Braden Allenby

Professor, Arizona State University

Braden R. Allenby is Lincoln Professor of Engineering and Ethics; President’s Professor of Civil, Environmental, and Sustainable Engineering, and of Law; Founding Chair of the Consortium for Emerging Technologies, Military Operations, and National Security; and Founding Director of the Center for Earth Systems Engineering and Management, at Arizona State University. He moved to ASU from his previous position as the Environment, Health and Safety Vice President for AT&T in 2004. Dr. Allenby received his BA from Yale University, his JD and MA (economics) from the University of Virginia, and his MS and Ph.D. in Environmental Sciences from Rutgers University. He is past President of the International Society for Industrial Ecology, ex-Chair of the AAAS Committee on Science, Engineering, and Public Policy, and ex-Chair of the IEEE Presidential Sustainability Initiative. He is an AAAS Fellow and a Fellow of the Royal Society for the Arts, Manufactures & Commerce, and has been a U. S. Naval Academy Stockdale Fellow (2009-2010), an AT&T Industrial Ecology Fellow (2007-2009), a Templeton Research Fellow (2008-2009), and a Batten Fellow in Residence at the University of Virginia’s Darden Graduate School of Business Administration.

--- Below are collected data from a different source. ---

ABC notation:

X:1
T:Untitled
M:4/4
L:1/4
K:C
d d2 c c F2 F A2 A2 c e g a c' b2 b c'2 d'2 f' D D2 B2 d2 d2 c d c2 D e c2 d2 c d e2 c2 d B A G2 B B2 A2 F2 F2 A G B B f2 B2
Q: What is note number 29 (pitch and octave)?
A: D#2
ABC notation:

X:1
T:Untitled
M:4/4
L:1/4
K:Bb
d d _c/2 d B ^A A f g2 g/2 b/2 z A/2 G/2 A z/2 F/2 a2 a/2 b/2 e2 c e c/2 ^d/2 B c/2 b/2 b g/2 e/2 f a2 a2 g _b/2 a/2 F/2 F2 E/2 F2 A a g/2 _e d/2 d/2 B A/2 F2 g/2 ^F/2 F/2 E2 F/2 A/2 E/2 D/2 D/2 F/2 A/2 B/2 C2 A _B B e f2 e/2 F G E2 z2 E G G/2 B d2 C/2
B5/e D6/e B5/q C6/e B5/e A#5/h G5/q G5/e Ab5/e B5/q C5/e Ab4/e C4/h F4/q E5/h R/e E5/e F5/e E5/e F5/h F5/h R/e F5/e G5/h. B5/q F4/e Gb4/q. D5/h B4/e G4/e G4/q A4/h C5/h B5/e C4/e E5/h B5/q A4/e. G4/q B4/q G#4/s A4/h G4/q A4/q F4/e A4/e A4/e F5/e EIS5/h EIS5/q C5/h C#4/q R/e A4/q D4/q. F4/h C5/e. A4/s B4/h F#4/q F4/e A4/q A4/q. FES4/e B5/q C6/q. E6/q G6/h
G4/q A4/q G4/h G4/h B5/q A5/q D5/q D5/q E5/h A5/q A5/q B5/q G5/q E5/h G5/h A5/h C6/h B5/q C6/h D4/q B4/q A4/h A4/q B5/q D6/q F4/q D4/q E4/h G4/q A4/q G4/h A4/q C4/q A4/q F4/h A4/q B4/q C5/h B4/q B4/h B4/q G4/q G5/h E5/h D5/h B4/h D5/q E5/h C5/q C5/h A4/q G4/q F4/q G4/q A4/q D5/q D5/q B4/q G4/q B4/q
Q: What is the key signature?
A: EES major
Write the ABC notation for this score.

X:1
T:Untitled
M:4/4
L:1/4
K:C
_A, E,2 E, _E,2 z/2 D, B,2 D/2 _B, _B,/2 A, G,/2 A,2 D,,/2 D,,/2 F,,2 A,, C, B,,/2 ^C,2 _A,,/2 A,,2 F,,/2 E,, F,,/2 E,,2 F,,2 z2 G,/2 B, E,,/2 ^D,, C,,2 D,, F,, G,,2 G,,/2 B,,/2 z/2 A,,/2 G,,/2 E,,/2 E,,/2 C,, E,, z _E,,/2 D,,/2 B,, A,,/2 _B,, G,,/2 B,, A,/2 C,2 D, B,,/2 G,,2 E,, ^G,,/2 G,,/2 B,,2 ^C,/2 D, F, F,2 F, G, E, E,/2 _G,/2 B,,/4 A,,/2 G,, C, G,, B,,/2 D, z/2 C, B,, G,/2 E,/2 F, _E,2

From 1995 to 1997, he was Director for Energy and Environmental Systems at Lawrence Livermore National Laboratory, and from 1991 to 1992 he was the J. Herbert Holloman Fellow at the National Academy of Engineering in Washington, DC. His areas of expertise include emerging technologies, especially in the military and security domains; Design for Environment; industrial ecology; telework and netcentric organizations; transhumanism; and earth systems engineering and management. In 2008 he was selected by the Carnegie Foundation as 2008 Arizona Professor of the Year. His latest books are Industrial Ecology and Sustainable Engineering (co-authored with Tom Graedel in 2009), The Techno-Human Condition (co-authored with Dan Sarewitz in 2011), The Theory and Practice of Sustainable Engineering (2012), and The Applied Ethics of Emerging Military and Security Technologies (an edited volume released by Ashgate Press in 2015).